Hardware Accelerated Decode (Nvidia) for Linux

I just don’t see the point of feeding it codecs it doesn’t support. VC1 is one that comes to mind, but I’d rather not come up with all unsupported codecs. Since we all know the supported codecs it should be much easier, faster and more robust to only feed relevant codecs, especially since 1000s of different users use it.

Oh, and by inverting I mean whitelisting codecs instead of blacklisting.

While the wrapper script seems to be working and I can see activity in nvidia-smi, I still can’t get smooth playbook of 4k content encoded in HEVC. I’m running on E5-1650v3, 16GB of memory, Quadro P2000, Centos 7.6, nVidia driver 418.43. GPU usage during encode is 49%. However, on CPU side, I can see 1 thread of 12 is hitting 100%. I assume this is for audio encode?

Just wanted to share my experience. Looks good! I put up a rig with Core i5-4690, 16GB RAM and Nvidia GTX 1070. I have movies on a separate box, accessing them from this rig via NFS share. As you can see below, the rig can easily handle simultaneous full hardware decoding and encoding of 5 videos where each is 4K video, transcoded to 1080p video (CPU is only doing Audio decode/encode). And there is plenty room for more simultaneous transcoding :wink:

nice.

the recurring thing that bothers me is the memory usage.

If transcode process takes ~1 gig video ram, small ram cards like p400, 960gtx, any others with 2 gig or less, may not be able to handle multiple 4k streams.

on windows, the transcodes use much less video ram

True, in order to be able to transcode multiple 4k on a GPU you need a very recent GPU, at least 10xx. 960 is actually an exception in the 9xx series and still supports NVDEC, but it’s definitely too weak and as you said it does not have enough VRAM. See the GPU Support Matrix (click on “GeForce/TITAN” button on the page to get a complete list).

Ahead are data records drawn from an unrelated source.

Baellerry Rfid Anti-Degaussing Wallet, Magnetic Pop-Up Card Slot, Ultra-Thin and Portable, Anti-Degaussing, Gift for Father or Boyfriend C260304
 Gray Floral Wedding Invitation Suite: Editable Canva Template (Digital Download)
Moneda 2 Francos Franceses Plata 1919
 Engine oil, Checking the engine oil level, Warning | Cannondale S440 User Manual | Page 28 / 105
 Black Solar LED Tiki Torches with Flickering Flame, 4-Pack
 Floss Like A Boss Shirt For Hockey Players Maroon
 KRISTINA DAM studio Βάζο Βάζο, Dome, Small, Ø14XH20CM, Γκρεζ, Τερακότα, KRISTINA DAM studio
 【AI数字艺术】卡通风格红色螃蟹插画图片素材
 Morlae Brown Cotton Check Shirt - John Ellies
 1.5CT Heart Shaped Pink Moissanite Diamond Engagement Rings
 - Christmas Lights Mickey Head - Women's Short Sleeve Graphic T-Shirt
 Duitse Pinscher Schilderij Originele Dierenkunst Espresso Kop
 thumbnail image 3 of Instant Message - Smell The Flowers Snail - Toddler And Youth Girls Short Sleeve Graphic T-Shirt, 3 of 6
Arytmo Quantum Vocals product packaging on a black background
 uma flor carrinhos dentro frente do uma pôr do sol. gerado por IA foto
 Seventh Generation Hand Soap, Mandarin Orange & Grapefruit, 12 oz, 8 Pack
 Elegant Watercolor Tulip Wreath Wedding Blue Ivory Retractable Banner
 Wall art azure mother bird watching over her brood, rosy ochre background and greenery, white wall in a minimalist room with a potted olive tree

Regarding the VRAM usage - I believe the VRAM usage during transcoding is pretty much the same on Windows as it is on Linux since it is Nvidia Driver / CUDA dependent. Do you have same Win vs. Linux tests on the same configuration which is showing differently? (please note that transcoding with NVDEC requires significantly more VRAM usage).

yup well aware of the chart, I wouldn’t say its weak, it works ok in windows.

This was discussed at various points earlier in this thread.

vram usage in windows was MUCH lower than it is showing in linux

Have you got these numbers directly from the nvidia-smi tool or by checking numbers in Windows Task Manager / Performace? Because the Windows Task Manager sometimes reports GPU memory usage when also taking into account paged memory allocation and sometimes it reports without it. Also make sure you are testing exactly the same video transcoded into exactly the same output, because VRAM usage depends on all of these factors. In any case … for several simultaneous DEC+ENC 4k transcoding the 960 will be too weak. But yes, it definitely should be a very good choice for a few simultaneous DEC+ENC 4k transcoding, especially due to it’s very good price on second market (cryptocurrency miners are dumping it)!

I am in no way saying that the 960 can handle many 4k transcodes, no aside from the memory usage, I would expect maybe 3 or 4 max before running out of steam.

As far as Vram I am going by what is reported by windows task manager, to my knowledge there isn’t an equivalent to nvidia-smi on windows.

you might be right that task manager is not reporting the memory usage the same way.

also, windows does not actually use NVDEC, it uses windows native decoding (DXVA2), so that could also help explain the large difference in apparent memory usage.

edit: let me clarify above, PLEX in windows, uses DXVA2 decoding.

other applications may be able to use nvdec on windows, I have no idea about those.

https://support.plex.tv/articles/115002178853-using-hardware-accelerated-streaming/

Windows

  1. Windows native (DXVA2)*
  2. software decoder (libavformat)
1 Like

You can find nvidia-smi.exe tool here:

C:\Program Files\NVIDIA Corporation\NVSMI\nvidia-smi.exe

And yes, if DXVA2 is used, then memory (as well as performance) numbers will be definitely different.

2 Likes

Are you able to transcode 4k HEVC/H265 without periodic buffering during playback? I been playing around with the settings but I cannot seem to get it to play smoothly.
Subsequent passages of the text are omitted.